Are you claiming they would do this, yet have the deeply depressed patient's honest agreement ?
I don't buy that. This was forced, under threat of force. To protect the hospital against having a successful suicide attempt on their record.
Symptoms return. Normal cognitive function does not. That tells you more than enough. This person is now (hopefully lightly) mentally handicapped, and this has been done to her under threat.
You might as well shoot the person. That has the same demonstrated effect. Seriously. Shooting someone with mental problems can fix those mental problems, many documented cases of that happening.
>You might as well shoot the person. That has the same demonstrated effect.
This is ludicrous hyperbole. The majority of people who receive ECT are successfully treated and go on to live fulfilling lives.
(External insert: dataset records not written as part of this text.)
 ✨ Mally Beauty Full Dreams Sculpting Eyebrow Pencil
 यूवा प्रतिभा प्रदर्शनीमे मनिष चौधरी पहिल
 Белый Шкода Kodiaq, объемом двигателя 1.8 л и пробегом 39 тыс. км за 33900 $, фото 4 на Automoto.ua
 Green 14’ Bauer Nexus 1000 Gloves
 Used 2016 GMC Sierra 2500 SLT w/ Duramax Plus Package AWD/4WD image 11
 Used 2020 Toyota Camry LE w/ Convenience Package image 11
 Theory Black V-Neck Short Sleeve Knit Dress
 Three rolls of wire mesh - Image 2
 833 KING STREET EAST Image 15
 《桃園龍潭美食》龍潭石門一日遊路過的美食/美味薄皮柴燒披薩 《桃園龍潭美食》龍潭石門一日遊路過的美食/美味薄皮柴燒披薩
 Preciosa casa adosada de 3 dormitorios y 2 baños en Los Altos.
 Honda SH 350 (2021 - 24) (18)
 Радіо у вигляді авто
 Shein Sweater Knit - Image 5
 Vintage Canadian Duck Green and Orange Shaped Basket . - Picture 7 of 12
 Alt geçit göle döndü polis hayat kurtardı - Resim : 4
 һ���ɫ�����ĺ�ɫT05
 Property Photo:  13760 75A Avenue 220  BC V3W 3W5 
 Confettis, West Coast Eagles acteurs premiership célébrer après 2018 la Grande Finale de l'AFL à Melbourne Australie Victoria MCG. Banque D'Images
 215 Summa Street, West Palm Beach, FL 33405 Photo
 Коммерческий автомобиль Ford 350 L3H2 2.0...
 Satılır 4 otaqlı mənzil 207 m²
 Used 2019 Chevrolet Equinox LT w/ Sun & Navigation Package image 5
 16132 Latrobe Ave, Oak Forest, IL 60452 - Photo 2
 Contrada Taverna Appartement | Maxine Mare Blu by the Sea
ECT is an evidence-based treatment for a life-threatening medical condition.
If it truly was, then why was that person threatened into doing it ? If what you're saying is true, then what possible motivation could the doctor have to threaten his patient into accepting this treatment ? (I get that someone else had to say "yes", but that doesn't change the situation)
Second, I resent psychologists using "evidence based" as a term. This, one might think, implies that they have proof. Well no, no proof. It doesn't mean that.
Ok, but surely it means that they have double blind statistical studies ? I mean, that makes "evidence" very misleading, but ... Yes, but those studies say there is no effect beyond placebo (in fact there are valid studies that say that all of psychiatry does not survive a double blind study). So statistical analyses actually says this does not work.
Ok, so what does "evidence based" mean ? Well, it means they have a few anecdotes of mostly temporary improvement (and lots of anecdotes of disastrous outcomes, conveniently left out). Which certainly exist for shooting depressive patients as well. Also they exist for not doing anything.
So why did the doctor force this treatment on her ? Well, to get her out of his clinic. You see, the way you get fired in a psychiatric department is to have a few patients commit suicide in the department. And observation and isolation only helps for so long. In practice, given 4-12 weeks of trying people successfully commit suicide, even under 24 hour observation with no tools in an isolation cell. This patient had gotten really close to doing that, as mentioned in the article (which, incidentally, would be the conditions this patient was held in prior to her getting asked if she'd agree to this treatment. Which of course also means she is mostly happy with the treatment because it got her out of an isolation cell, and still lives under threat of returning to those conditions. Reality of psychiatric patients).
So this is fact: this doctor forced permanent brain trauma on a patient because he was calculating that this trauma would temporarily prevent the patient from committing suicide, long enough so that she'd be out of his department before she actually succeeds.
So reality is simply that this patient was forced to get ineffective treatment that introduced permanent brain trauma against her wishes, with the decision made under extreme stress (introduced by this doctor), and under threat. That she got lucky and seems to be happy with it does not change that. PLUS she might merely be happy that it got her out of the isolation cell she was forced into for weeks/months before.
So let's go through your statement:
> The majority of people who receive ECT are successfully treated
If you don't count the permanent cognitive impairment, and the fact that most would have recovered without any help, then sure "successfully".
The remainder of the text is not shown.